Brief descriptive captions
BEGIN

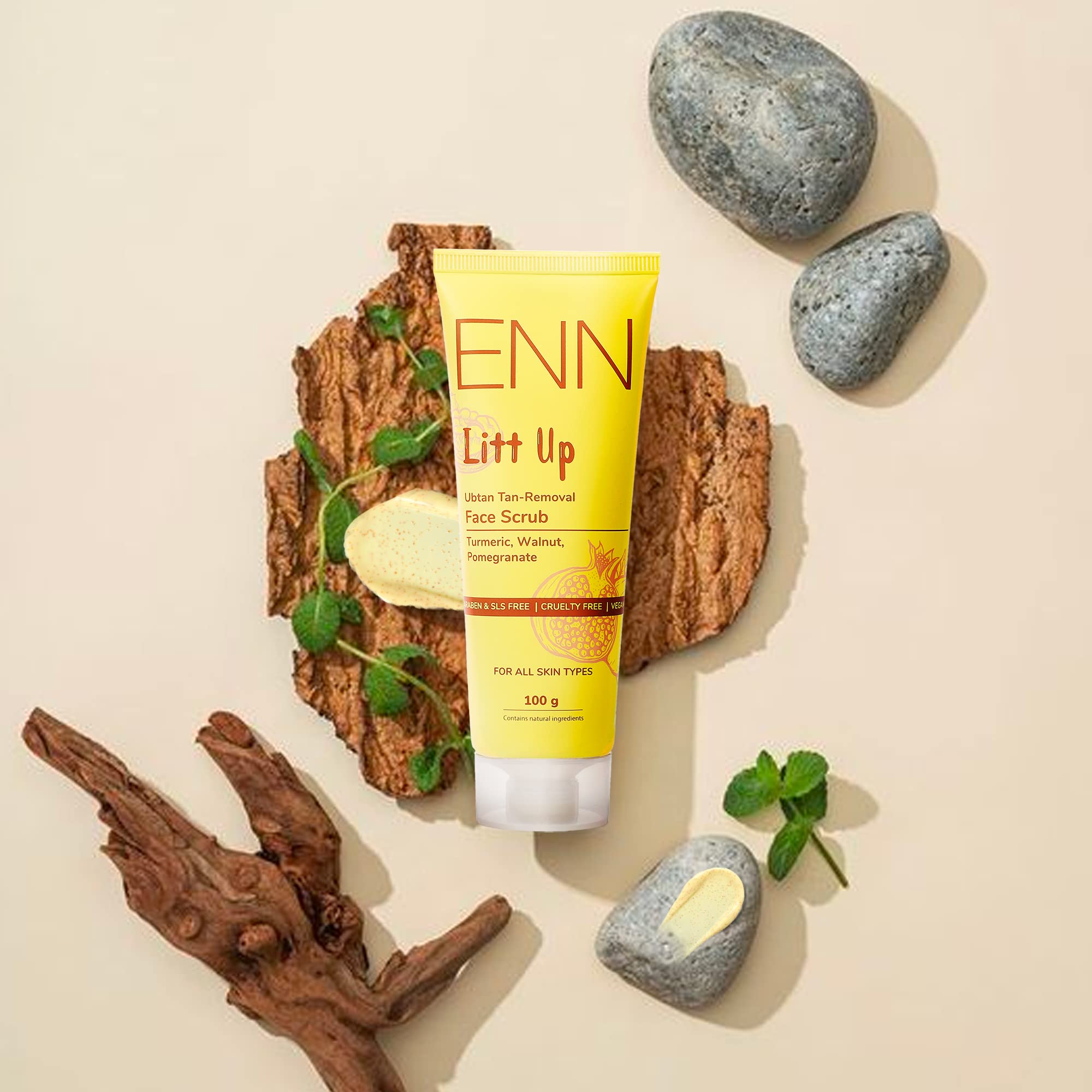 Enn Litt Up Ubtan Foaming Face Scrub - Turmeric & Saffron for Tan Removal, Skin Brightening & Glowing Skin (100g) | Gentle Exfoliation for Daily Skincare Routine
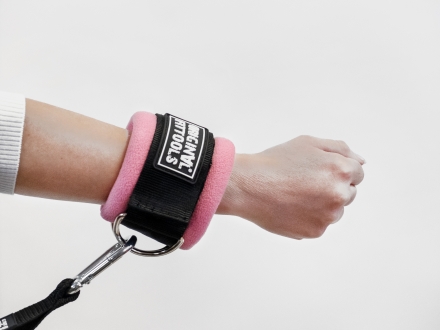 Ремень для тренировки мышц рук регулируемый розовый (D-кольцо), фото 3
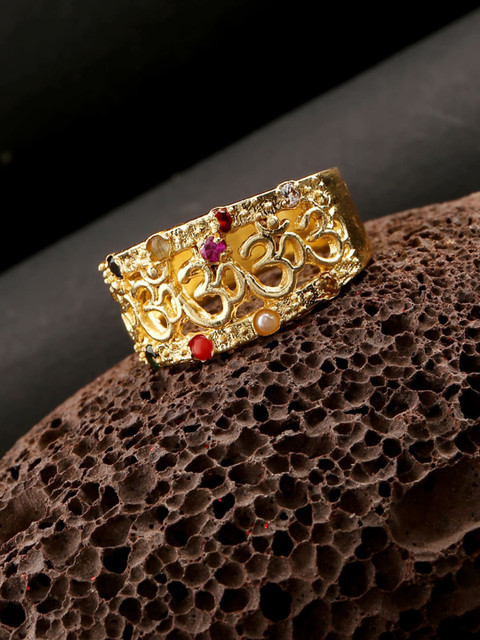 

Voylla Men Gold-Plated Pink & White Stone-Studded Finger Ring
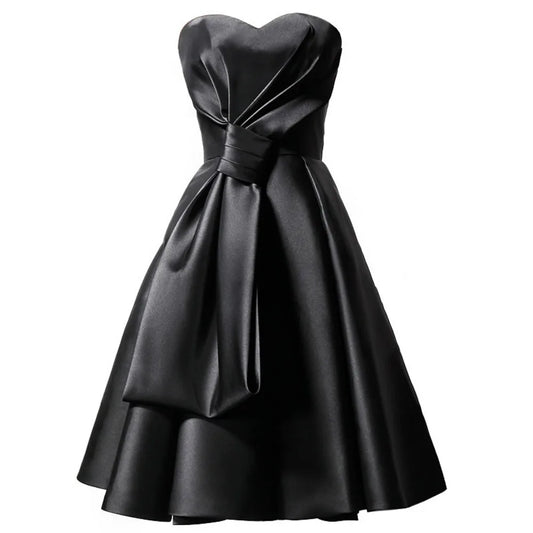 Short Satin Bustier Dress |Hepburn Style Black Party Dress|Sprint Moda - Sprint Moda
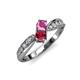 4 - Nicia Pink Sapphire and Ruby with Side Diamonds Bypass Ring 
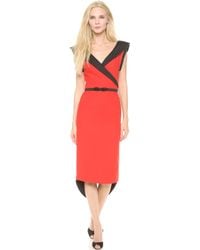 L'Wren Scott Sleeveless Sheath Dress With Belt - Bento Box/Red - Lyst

END

Work request: A faithful copy of every record is needed here. Leave the images out of it.

Finished task:
 Enn Litt Up Ubtan Foaming Face Scrub - Turmeric & Saffron for Tan Removal, Skin Brightening & Glowing Skin (100g) | Gentle Exfoliation for Daily Skincare Routine
 Ремень для тренировки мышц рук регулируемый розовый (D-кольцо), фото 3

Voylla Men Gold-Plated Pink & White Stone-Studded Finger Ring
 Short Satin Bustier Dress |Hepburn Style Black Party Dress|Sprint Moda - Sprint Moda
 4 - Nicia Pink Sapphire and Ruby with Side Diamonds Bypass Ring 
 L'Wren Scott Sleeveless Sheath Dress With Belt - Bento Box/Red - Lyst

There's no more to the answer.